Cryogenic Treatment of Tubes, and why you should not.


Came across this paper while ago on cryo treating tubes and thought iI'd share it here.  There is some other great information on tubes on the site as well. 

Cryogenic Treatment of Tubes: An Engineer’s Perspective - Effectrode

glennewdick

Showing 1 response by mulveling

It’s a (maybe) engineer pondering things. In parts interesting, in parts long-winded, definitely not scientifically rigorous - just pondering, which I do a lot of myself. All we can really do is decide for ourselves. I have indeed thought about the "structrual" problem, and subjecting tubes to an unecessary freezing cycle. But what do I know? I’m not a structural, materials, chemical, electrical, nor tube engineer. Tubes don’t have a virtual machine or compiler for me to get into how they work.

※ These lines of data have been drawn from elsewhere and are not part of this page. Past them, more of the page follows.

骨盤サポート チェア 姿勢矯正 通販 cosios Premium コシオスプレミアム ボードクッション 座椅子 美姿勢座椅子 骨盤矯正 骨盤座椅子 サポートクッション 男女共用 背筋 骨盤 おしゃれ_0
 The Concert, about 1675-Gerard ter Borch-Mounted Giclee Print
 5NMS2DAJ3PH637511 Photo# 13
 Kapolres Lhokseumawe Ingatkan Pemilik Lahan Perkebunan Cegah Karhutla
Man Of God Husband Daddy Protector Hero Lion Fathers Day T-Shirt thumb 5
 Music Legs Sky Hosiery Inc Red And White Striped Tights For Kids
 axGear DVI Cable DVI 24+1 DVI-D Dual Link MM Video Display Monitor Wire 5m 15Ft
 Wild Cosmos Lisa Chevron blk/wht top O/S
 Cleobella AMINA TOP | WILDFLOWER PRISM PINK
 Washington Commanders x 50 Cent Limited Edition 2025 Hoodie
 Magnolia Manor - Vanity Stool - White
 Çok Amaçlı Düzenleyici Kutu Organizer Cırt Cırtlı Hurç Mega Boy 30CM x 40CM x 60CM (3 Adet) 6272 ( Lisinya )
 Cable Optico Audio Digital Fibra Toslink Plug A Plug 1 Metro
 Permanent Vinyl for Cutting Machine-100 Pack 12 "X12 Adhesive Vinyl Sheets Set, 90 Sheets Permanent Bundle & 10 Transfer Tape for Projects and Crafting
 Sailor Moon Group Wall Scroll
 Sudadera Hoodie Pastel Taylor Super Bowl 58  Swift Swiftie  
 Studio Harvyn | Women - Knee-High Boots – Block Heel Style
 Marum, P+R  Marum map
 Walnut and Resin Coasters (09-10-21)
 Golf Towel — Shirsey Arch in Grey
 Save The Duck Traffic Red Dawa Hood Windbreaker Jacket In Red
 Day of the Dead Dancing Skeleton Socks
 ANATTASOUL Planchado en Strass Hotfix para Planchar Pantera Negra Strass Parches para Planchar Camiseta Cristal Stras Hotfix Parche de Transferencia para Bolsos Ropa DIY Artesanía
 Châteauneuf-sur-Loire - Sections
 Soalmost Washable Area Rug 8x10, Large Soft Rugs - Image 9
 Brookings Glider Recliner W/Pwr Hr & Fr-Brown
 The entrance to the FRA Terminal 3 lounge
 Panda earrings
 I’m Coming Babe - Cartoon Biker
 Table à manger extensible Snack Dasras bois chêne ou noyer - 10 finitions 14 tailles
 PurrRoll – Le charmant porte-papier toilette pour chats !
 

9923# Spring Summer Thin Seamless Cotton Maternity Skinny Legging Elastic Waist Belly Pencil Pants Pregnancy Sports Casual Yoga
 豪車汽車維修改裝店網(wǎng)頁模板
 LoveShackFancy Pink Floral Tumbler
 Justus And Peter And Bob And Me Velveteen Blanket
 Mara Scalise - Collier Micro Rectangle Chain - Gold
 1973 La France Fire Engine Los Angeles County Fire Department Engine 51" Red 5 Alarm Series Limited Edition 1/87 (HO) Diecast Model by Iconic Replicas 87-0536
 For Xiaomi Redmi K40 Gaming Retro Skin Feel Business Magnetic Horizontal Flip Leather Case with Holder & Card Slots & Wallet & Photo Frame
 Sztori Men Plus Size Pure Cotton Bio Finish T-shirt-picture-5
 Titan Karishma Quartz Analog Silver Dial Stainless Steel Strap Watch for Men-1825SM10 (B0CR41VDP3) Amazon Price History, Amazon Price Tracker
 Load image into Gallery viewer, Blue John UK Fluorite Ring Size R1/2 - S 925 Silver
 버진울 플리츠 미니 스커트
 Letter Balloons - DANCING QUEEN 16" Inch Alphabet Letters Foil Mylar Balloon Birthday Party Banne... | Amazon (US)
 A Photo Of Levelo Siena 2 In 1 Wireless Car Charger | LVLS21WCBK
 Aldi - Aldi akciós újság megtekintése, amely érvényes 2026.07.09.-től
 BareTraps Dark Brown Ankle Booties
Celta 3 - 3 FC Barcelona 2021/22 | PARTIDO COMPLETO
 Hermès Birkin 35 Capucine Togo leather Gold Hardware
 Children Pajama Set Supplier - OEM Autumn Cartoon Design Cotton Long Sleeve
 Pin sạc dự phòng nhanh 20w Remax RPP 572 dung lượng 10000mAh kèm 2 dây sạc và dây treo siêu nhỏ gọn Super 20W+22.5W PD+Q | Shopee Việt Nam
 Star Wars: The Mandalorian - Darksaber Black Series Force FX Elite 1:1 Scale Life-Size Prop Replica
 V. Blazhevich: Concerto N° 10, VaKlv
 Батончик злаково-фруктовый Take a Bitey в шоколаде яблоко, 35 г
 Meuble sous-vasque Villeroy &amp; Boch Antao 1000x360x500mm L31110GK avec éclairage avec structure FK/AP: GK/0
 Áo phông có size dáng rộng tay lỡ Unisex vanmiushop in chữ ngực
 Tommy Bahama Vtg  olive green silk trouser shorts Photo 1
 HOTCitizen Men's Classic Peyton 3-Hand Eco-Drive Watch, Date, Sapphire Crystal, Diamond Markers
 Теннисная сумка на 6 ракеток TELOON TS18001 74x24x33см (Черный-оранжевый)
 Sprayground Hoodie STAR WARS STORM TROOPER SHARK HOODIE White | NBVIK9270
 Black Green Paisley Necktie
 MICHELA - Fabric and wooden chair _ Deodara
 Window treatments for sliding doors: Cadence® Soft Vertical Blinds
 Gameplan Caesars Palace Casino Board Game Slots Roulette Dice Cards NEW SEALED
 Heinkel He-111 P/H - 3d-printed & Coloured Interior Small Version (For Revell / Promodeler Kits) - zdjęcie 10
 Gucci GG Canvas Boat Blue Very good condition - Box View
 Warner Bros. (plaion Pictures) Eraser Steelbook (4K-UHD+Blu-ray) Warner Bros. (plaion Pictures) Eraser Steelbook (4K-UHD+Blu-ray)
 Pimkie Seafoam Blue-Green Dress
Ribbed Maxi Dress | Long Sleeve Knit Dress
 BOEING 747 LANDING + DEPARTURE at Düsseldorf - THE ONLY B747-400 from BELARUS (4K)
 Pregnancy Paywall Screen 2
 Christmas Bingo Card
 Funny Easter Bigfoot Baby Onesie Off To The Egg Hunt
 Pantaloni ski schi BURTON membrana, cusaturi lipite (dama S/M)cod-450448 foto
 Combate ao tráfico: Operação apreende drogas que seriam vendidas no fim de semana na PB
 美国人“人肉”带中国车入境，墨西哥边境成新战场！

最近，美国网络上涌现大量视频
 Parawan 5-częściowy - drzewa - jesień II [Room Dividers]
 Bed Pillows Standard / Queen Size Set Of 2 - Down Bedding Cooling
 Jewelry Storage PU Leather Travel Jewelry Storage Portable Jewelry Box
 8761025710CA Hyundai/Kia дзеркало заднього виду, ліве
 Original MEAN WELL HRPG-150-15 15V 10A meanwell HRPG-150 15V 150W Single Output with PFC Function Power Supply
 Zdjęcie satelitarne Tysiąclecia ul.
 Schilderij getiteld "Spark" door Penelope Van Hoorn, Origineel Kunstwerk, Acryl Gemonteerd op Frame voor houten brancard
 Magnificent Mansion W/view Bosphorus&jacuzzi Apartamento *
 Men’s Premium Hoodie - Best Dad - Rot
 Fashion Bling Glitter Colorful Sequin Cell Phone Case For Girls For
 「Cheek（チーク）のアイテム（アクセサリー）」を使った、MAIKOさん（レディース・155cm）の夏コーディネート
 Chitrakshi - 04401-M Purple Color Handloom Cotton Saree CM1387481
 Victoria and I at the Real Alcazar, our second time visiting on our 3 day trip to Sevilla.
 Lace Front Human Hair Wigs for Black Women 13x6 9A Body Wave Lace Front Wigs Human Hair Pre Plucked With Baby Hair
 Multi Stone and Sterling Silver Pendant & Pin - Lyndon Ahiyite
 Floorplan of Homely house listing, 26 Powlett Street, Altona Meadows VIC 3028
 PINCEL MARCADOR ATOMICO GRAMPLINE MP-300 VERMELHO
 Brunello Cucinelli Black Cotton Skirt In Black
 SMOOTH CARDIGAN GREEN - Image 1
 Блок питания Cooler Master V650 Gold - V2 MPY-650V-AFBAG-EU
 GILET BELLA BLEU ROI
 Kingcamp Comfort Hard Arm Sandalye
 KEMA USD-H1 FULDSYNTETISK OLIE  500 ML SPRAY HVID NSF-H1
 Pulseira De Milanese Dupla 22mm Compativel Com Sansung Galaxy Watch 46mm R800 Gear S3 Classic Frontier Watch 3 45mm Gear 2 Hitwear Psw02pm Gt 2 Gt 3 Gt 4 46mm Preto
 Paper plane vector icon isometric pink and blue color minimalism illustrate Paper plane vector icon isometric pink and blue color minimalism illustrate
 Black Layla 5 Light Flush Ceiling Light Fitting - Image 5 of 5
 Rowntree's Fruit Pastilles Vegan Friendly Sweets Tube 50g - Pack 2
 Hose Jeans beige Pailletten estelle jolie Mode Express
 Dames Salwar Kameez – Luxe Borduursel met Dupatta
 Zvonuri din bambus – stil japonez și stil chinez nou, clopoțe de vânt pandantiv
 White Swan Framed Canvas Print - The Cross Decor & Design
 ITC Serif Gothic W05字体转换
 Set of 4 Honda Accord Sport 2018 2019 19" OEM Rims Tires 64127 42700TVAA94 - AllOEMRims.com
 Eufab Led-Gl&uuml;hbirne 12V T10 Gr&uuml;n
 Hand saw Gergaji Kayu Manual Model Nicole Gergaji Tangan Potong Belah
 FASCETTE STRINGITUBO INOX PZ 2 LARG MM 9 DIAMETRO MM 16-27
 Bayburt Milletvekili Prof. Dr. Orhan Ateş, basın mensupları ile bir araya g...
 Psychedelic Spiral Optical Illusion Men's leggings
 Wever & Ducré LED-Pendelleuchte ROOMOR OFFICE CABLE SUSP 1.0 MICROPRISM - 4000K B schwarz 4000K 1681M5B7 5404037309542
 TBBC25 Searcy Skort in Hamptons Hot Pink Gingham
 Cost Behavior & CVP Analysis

I’ve had cryo tubes from various sources over the years. At times I thought some of them sounded "awfully" good for that tube type/brand. So when I started regularly buying sets of 6H30 and KT120 from Upscale (every 2 years or so), I would often tick the "Cryo" option, at an extra 8 bucks a tube. Did this for several sets over the years. But then just stopped - realized I wasn’t hearing a meaningful difference versus non-cryo sets of the same tubes. Got a mix of both now in my stash. But I haven’t bought cryo in years and won’t anymore.  I won’t kick the cypos out of the stash either, but it’s just a "meh" and "cool sticker" when I think about it now. Nothing takes the "exotic" feeling out of something like repitition and familiarity.